EXERCISE -
In your copy, include every line of the listing below exactly but none of the pictures.

THE DATA -
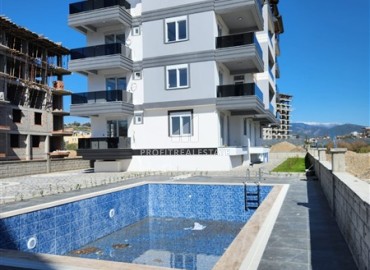 Новые двухкомнатные апартаменты в 600 метрах от моря, Газипаша, Аланья, 55 м2 ID-13330 фото-9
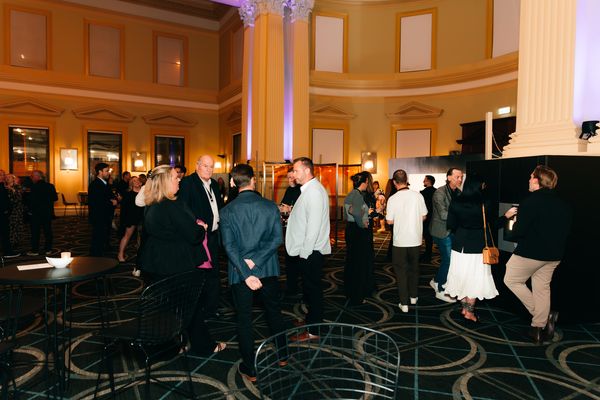 Guests engaging in conversation, showcasing the Gaggenau display area.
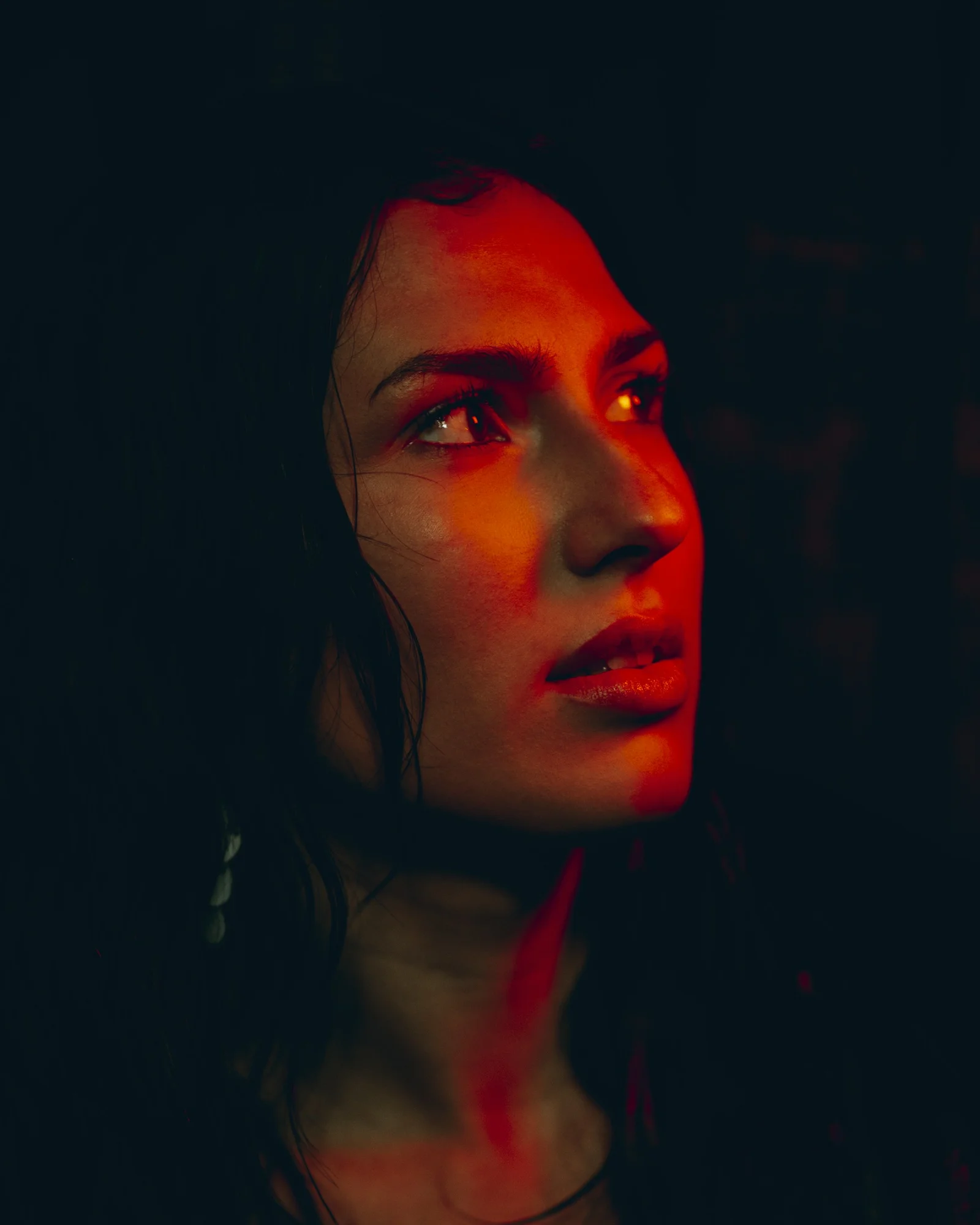 Woman with red lighting stares into the distance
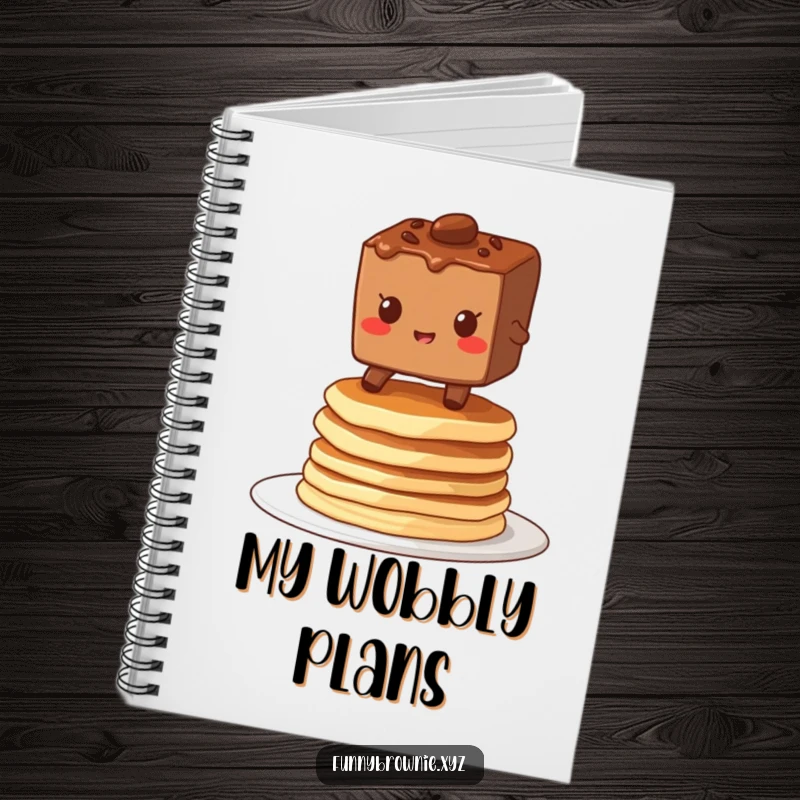 Funny notebook with a brownie character grinning while balancing on a stack of wobbly pancakes, great for jotting down breakfast thoughts.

OUTPUT FOR THIS EXERCISE -
 Новые двухкомнатные апартаменты в 600 метрах от моря, Газипаша, Аланья, 55 м2 ID-13330 фото-9
 Guests engaging in conversation, showcasing the Gaggenau display area.
 Woman with red lighting stares into the distance
 Funny notebook with a brownie character grinning while balancing on a stack of wobbly pancakes, great for jotting down breakfast thoughts.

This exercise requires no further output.